Canada - Oil & Gas: A Comparative Guide to the Regulation of Oil and Gas Projects

Canada is a federation of 10 provinces and three territories and, with the exception of Quebec, is a common law jurisdiction. Canada’s constitution divides legislative authority between the federal Parliament (the federal Crown) – which has jurisdiction over matters of interprovincial, national and international scope – and the provincial legislatures (each a provincial Crown) – which have jurisdiction over matters of a more local nature. Participants in the oil and gas industry are often subject to both federal and provincial regulators because these levels of government have overlapping or shared legislative authority in the areas of natural resource development, transportation, marketing and the environment.

Canada is rich in oil and natural gas and currently has the world’s third largest proven reserves of crude oil. On a regional basis, Alberta, British Columbia, Saskatchewan and the Maritime Provinces all produce substantial quantities of oil and gas. However, the vast majority of Canada’s proven oil and gas reserves and production facilities are located within the province of  Alberta. Discoveries of oil and gas in Alberta (in particular, in the Athabasca oil sands) have made Alberta the largest producing region in North America. For example, in 2011, Alberta produced 1.7 million barrels of oil per day, and it is estimated that this figure will rise to over 3 million barrels per day by 2020.
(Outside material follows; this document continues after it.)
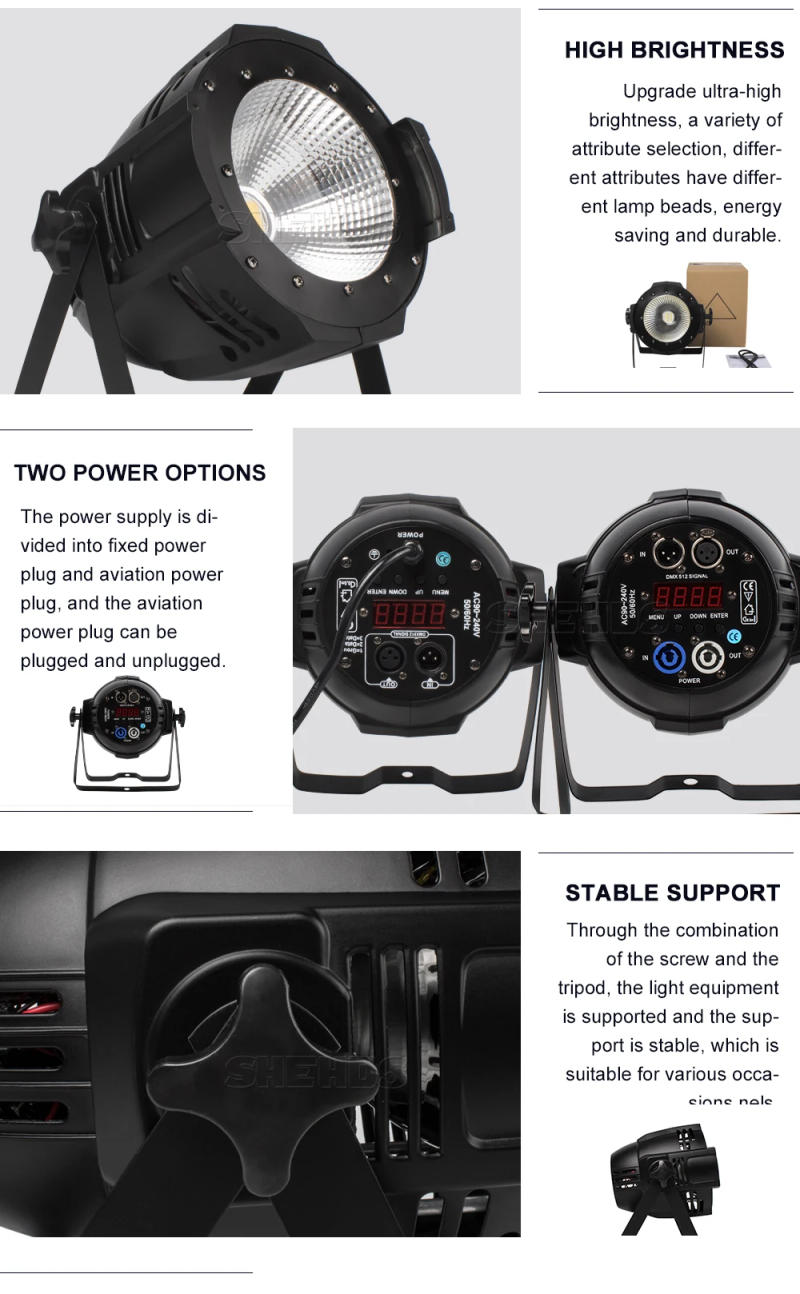 Description Picture 3 of item2PCS Led Par 200W COB Light With RGBWA UV 6in1 Ultraviolet Lamp Stage DJ Controller Disco Spotlight Church Market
Given this reality, the primary jurisdictional focus of this chapter will be on the development, ownership and operation of oil and gas in Alberta. Having said that, business enterprises that are interested in conducting oil and gas business in Canada’s other provinces or territories should be aware that although the fundamental legal concepts and provincial legislation in these provinces are substantially similar, there are certain differences that should be taken into account; these differences are, however, beyond the limited scope of this chapter.